Montgomery County police headed to the site at Battlefield Sunoco, where the man had just finished fueling his car when he was hit, apparently by a single shot.
Although police could not say with certainty that it was related to the series of sniper killings, the similarities were enough to bring detectives from Maryland to the scene, trying to determine if it is number seven.
Virginia State Police said that two men were seen fleeing in a white Dodge Caravan after the Manassas shooting and that after issuing an alert they had found and interviewed a man in a black Honda they believed to be a witness.
Early this morning, Prince William County Police Chief Charlie Deane said the victim, described only as an adult white male, had put the gas pump handle back in its slot and was getting ready to leave when he was shot dead.
Deane said the man was not a local resident and that ballistic evidence will be analyzed by the federal Bureau of Alcohol, Tobacco and Firearms to see whether last night's shooting is the latest in the serial sniper slayings.
"At this point, we cannot say it is related to those shootings," Deane said. He said investigators had not determined the spot from which the fatal shot came nor how many shots were fired.
Police had cordoned off a six-block area around the gas station, where the body still lay six hours later.
"We are still very preliminarily beginning this investigation," Chinn said. "We have been in contact with the officials from Maryland and the task force there, so we are sharing any information we have."
Before last night's slaying, with the investigation in its seventh day, police had been analyzing a few scant clues - including a mysterious note that suggests the killer is taunting the detectives on his trail.

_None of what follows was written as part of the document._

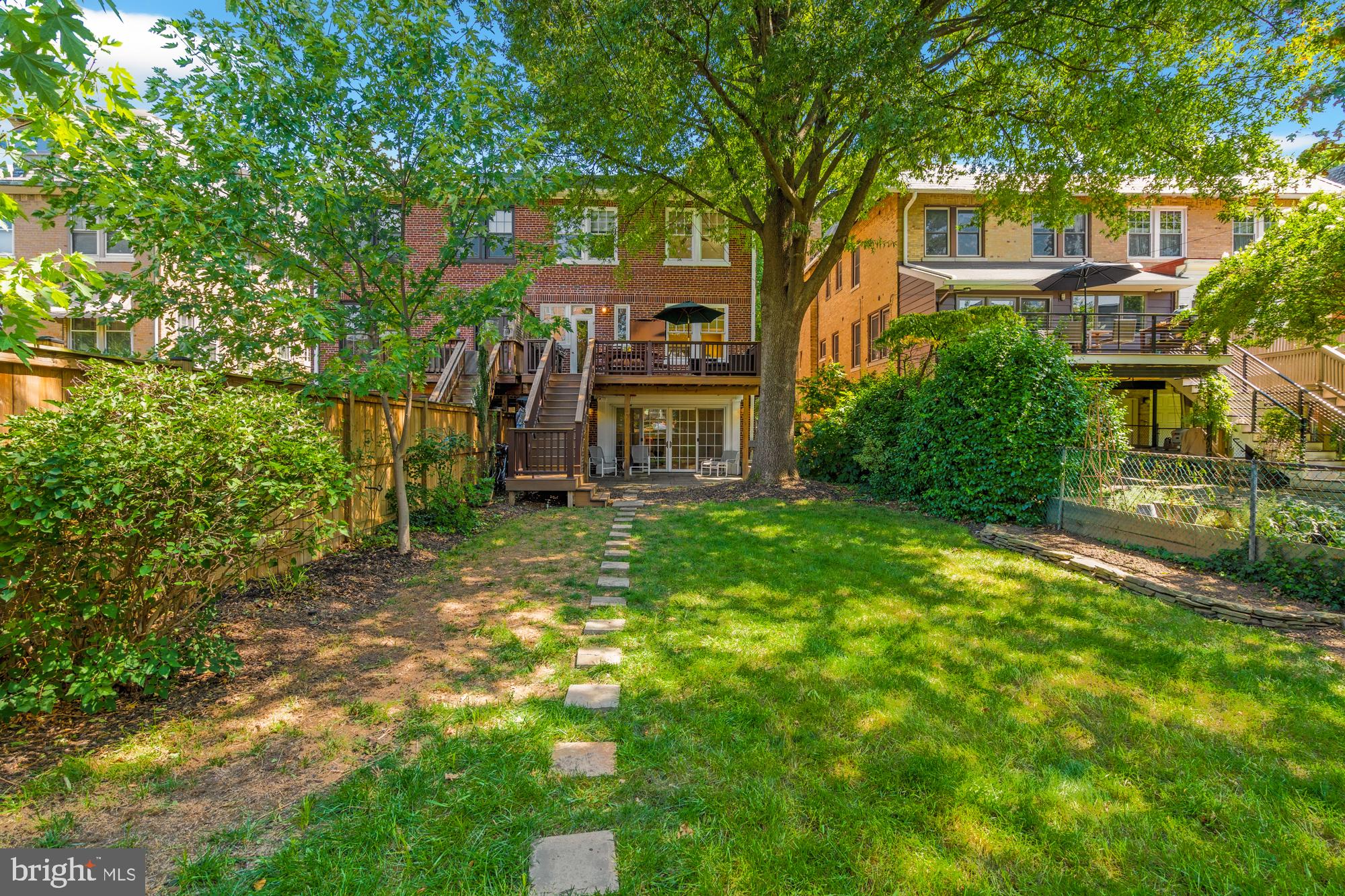 2812 39th Street Northwest Washington, DC 20007 - Photo 5 of 33 Wow! Deep, south-facing, fully fenced backyard!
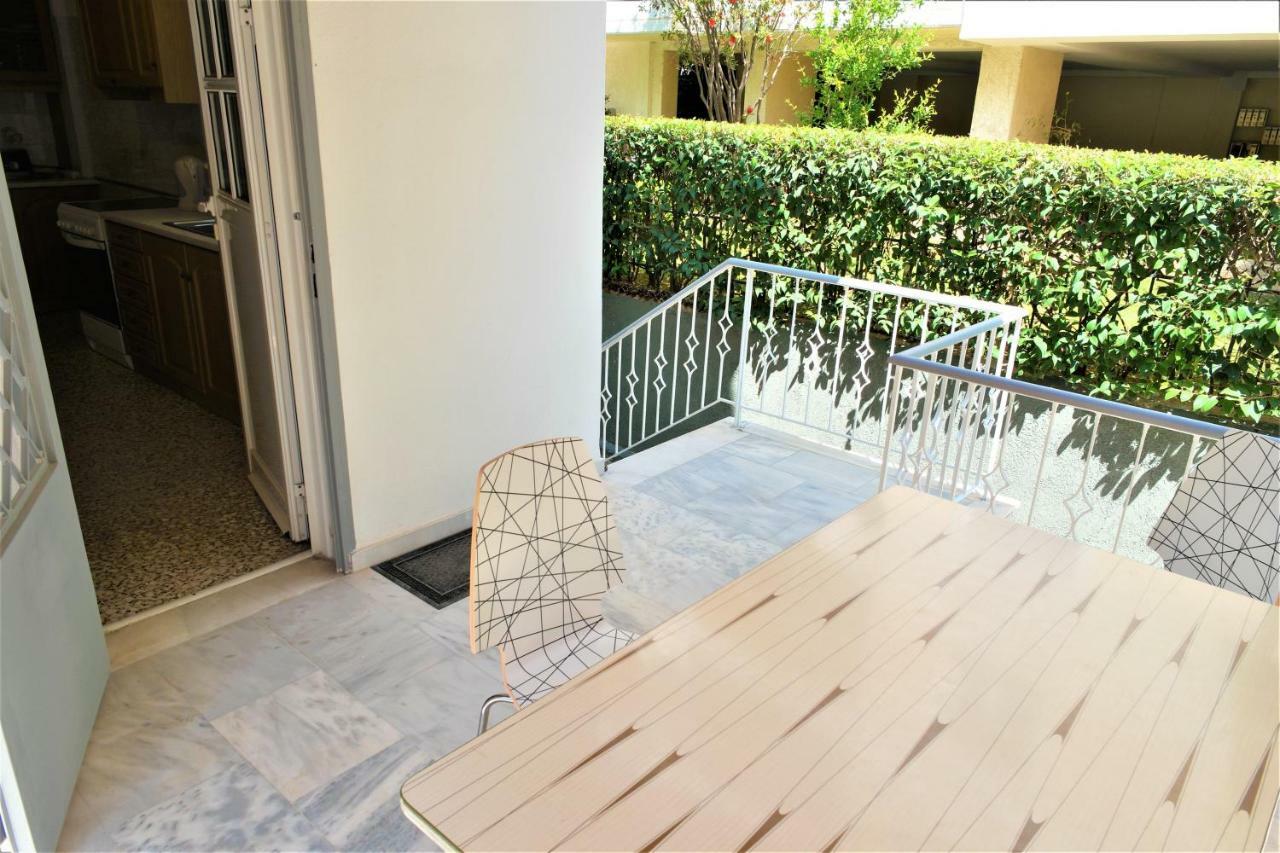 Zefyros Super Cool Apartments Next To Alimos Riviera Atene Esterno foto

Frustrated by not only the fruitless search for the killer but also several days of intense news media attention, Montgomery County Police Chief Charles Moose angrily criticized reporters yesterday for disclosing the note's discovery.
Investigators say the note was found in woods near Benjamin Tasker Middle School, where the sniper shot and critically wounded a 13-year-old boy heading into school Monday morning. The message, scribbled on a tarot card known as the Death card, read, "Dear Policeman, I am God."
The Washington Post reported this morning that the tarot card also contained a handwritten request from the sniper that it not be revealed to the media. Sources were quoted as saying some detectives had hoped that if they honored the request, the sniper might communicate with investigators again.
Moose said the leak about the card to a Washington television station Tuesday night might have a "detrimental" effect on the investigation, which now involves nearly 200 investigators from several states and the federal government.
"This is an adjustment that we feel is unwarranted because we should have been able to control it," Moose said.
It is unclear what police have gleaned from the card or its significance to the gunman. Police discovered the tarot card next to a shell casing from a high-powered rifle in an area of flattened grass with a clear line of sight to the front of the school, law enforcement officials said.
ATF officials said the shell casing found next to the tarot card was .223-caliber, the same as in all the other shootings. They declined to discuss other forensic evidence in the case.
The scene suggests the sniper had been lying in wait for a victim, perhaps arriving under cover of darkness and staying hidden for several hours before the attack, officials said.